In a later column, Strassel narrowed her victims of harassment to one, Frank VanderSloot of Idaho Falls, Idaho, who donated $1 million to the pro-Romney SuperPAC. Apparently someone faxed a request to the local court clerk asking for records of VanderSloot's divorce and a business dispute. Although Strassel couldn't figure out on who's behalf the request was made, and she doesn't indicate that the records were actually turned over, it was enough to convince her that the official crackdown had begun. VanderSloot told Strassel that, “when I first learned that President Obama's campaign had singled me out on his 'enemies list,' I knew it was like taping a target on my back.” But the “public beatings” would be “no deterrent,” he declared, and might even lead him to put more money behind Romney.

Unfortunately, VanderSloot doesn't make a very compelling victim. As Glenn Greenwald reported at Salon in February, he's far more likely to be an intimidator than intimidated. At one point, after the Idaho Falls newspaper reported on a child molester in the local Boy Scout troop who had been protected by a Mormon bishop and Boy Scout leaders, Vandersloot's company bought multiple full-page ads in the paper, which identified the reporter as “a homosexual,” although he was not out in that community. When Mother Jones published an article about VanderSloot in February, his lawyers reportedly demanded so many changes that the article was pulled for almost two weeks and then a substantially revised version was posted. He's paid for (that is, his company has paid for) billboards around Idaho attacking the state's public television network for promoting “the homosexual lifestyle.” No, it's not too likely that being publicly identified as a Romney contributor is going to back him down.

Indeed, VanderSloot is a good example of the merits of disclosure. Consider his business, Melaleuca, Inc.

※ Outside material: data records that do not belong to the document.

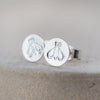 sterling silver and stamped bee studs handmade by Lucy Kemp Jewellery 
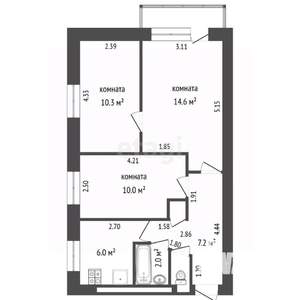 3-к квартира, вторичка, 52м2, 4/5 этаж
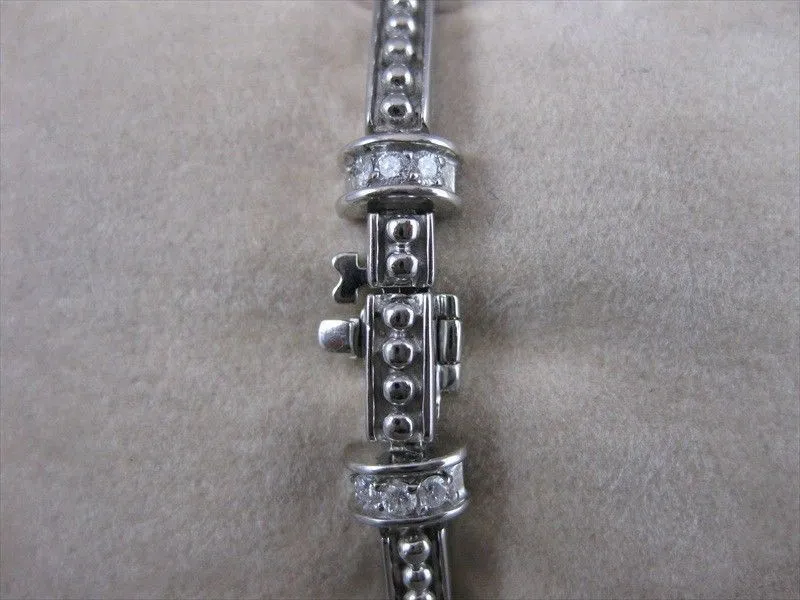 ESTATE 1.0CT DIAMOND 14KT WHITE GOLD RECTANGULAR FILIGREE MILGRAIN BRACELET #571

It sells nutritional supplements through a pyramid-marketing scheme, like Amway. Far from being harassed by government regulators, marketers of nutritional supplements enjoy the special protection of the Dietary Supplement Health and Education ACT of 1994, which limits the Food and Drug Administration's power to review and approve nutritional supplements in advance, as they do drugs. The act's lead sponsor, and its most relentless enforcer, is Senator Orrin Hatch of Utah, who is also one of the largest recipients of Vandersloot's donations and the largest beneficiary of the nutritional supplement industry. Mitt Romney is the second biggest beneficiary of the industry, right behind Hatch, and no one else is even close. All of these things are worth knowing. But they require a fair amount of research to put the contributions, independent expenditures, and related business interests in context.

The effort also reveals some of the limits of disclosure. Perhaps VanderSloot gave money to Romney because he expects Romney's support in keeping the FDA away from his products. Or maybe he supports Romney just because he's a raging homophobe. Or because they're both Mormons. (Mormons dominate the dietary supplement industry, so the categories overlap.) And it's possible that Hatch supports the dietary supplement industry, as he claims, only because he credits its products for his vigorous old age. Since everyone has multiple interests, it's always difficult to spot the direct relationship between political spending and government action—but that doesn't mean there isn't one, sometimes. But that's why disclosure and transparency alone can never be a full substitute for the basic, modest limits on contributions, combined with public financing, that can prevent candidates or elected officials from becoming fully dependent on particular large donors and their interests.

Mark Schmitt  is a senior fellow at the Roosevelt Institute and former editor of The American Prospect.